Find the line below with "Volkswagen Jetta VI, 2016" and the line with "кадр из фильма Rande". Output them and the lines between, exactly, but not the pictures.

━━━━━ Dataset entries

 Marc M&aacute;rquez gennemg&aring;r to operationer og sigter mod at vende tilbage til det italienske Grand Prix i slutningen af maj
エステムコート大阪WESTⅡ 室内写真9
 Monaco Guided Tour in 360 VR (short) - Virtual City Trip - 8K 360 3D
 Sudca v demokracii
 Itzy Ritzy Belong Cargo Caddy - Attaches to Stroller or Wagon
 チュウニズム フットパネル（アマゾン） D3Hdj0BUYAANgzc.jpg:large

━━━━━━━━━━
━━━━━ Dataset entries

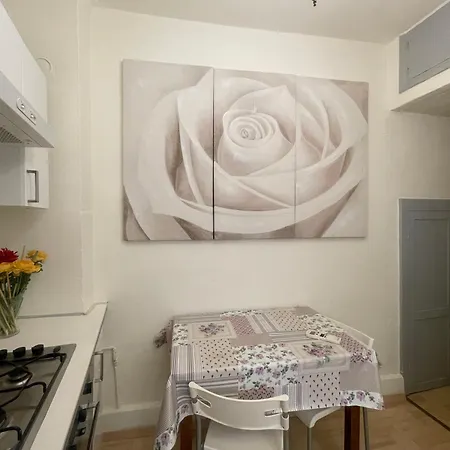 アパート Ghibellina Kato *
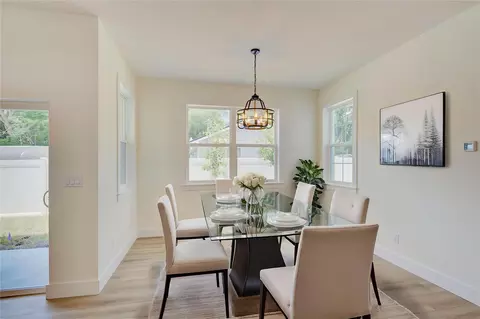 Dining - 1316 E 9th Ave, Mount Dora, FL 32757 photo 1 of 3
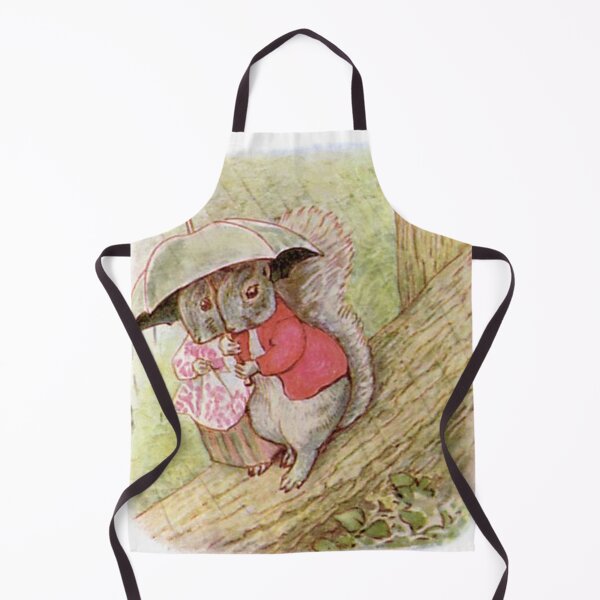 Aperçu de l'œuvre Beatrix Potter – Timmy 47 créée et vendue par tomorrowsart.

━━━━━━━━━━
━━━━━ Dataset entries

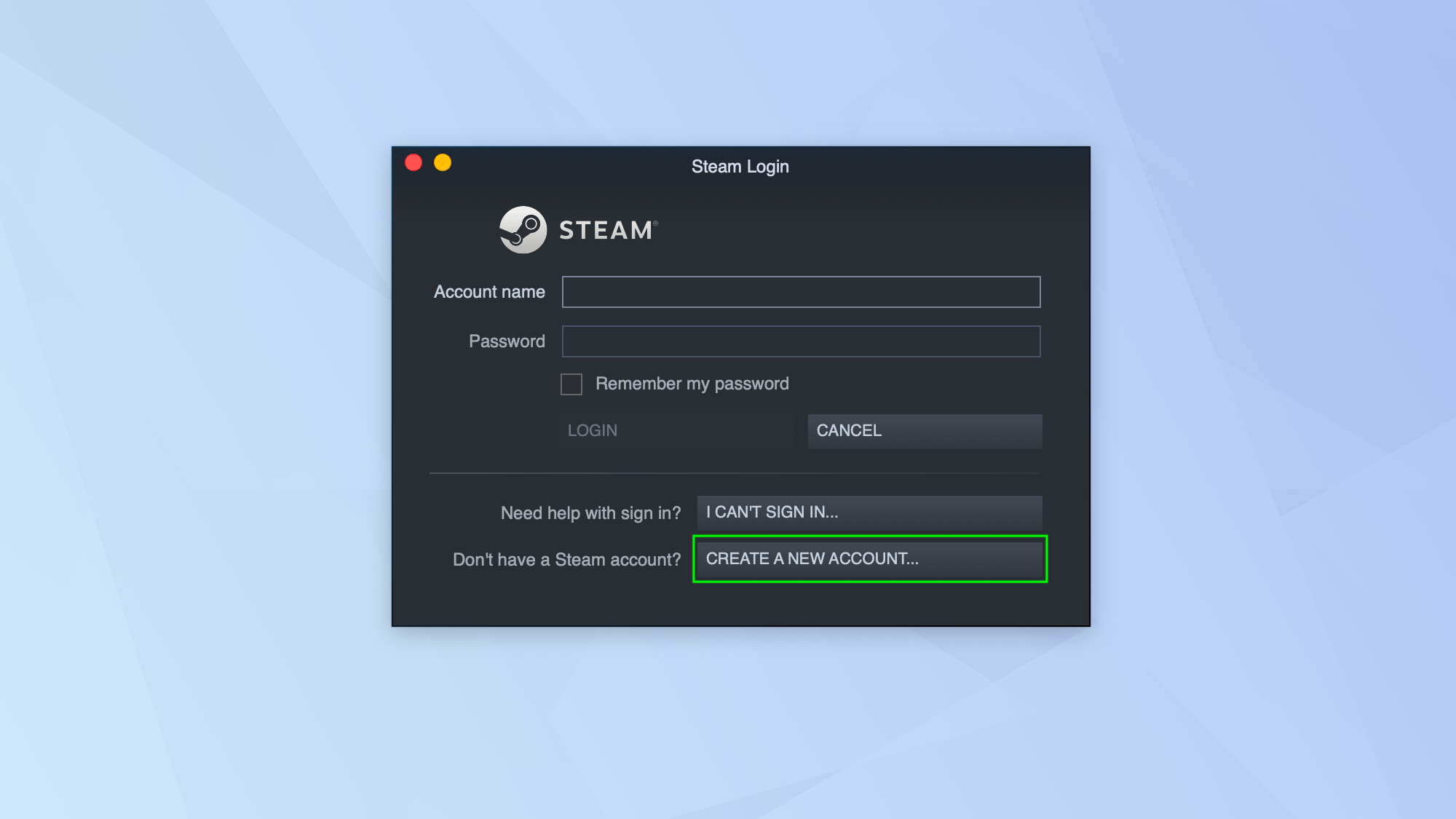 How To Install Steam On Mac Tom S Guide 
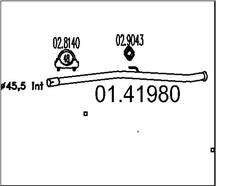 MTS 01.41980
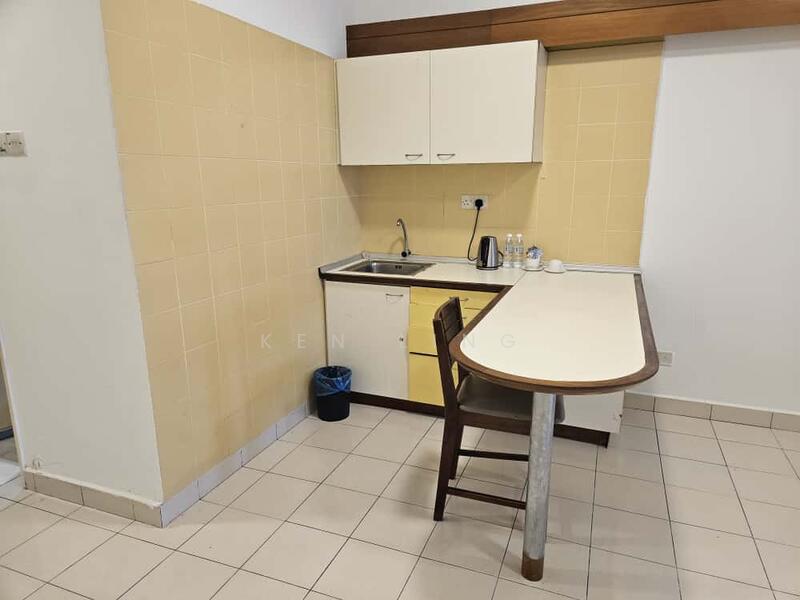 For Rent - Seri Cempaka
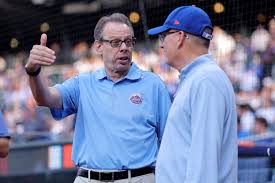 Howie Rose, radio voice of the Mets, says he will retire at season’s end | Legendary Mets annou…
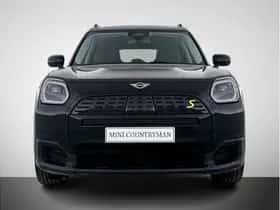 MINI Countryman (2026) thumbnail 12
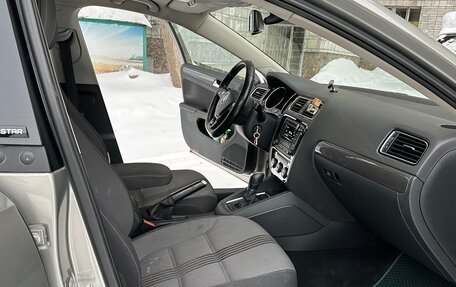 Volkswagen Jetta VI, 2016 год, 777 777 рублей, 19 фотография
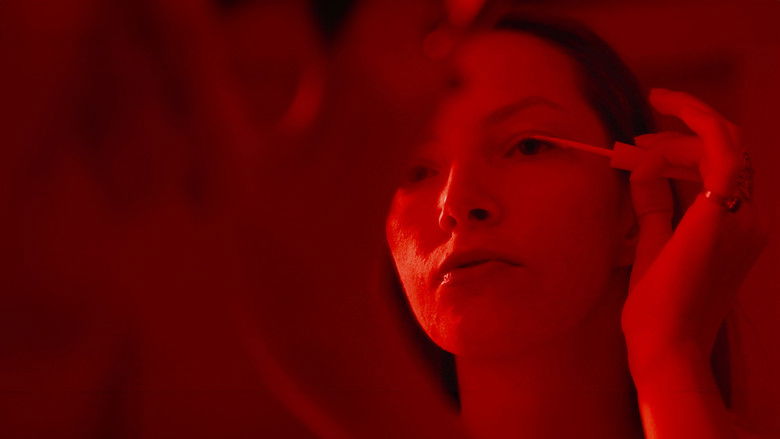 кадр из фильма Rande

━━━━━━━━━━

- [Response to the task]
 Volkswagen Jetta VI, 2016 год, 777 777 рублей, 19 фотография
 кадр из фильма Rande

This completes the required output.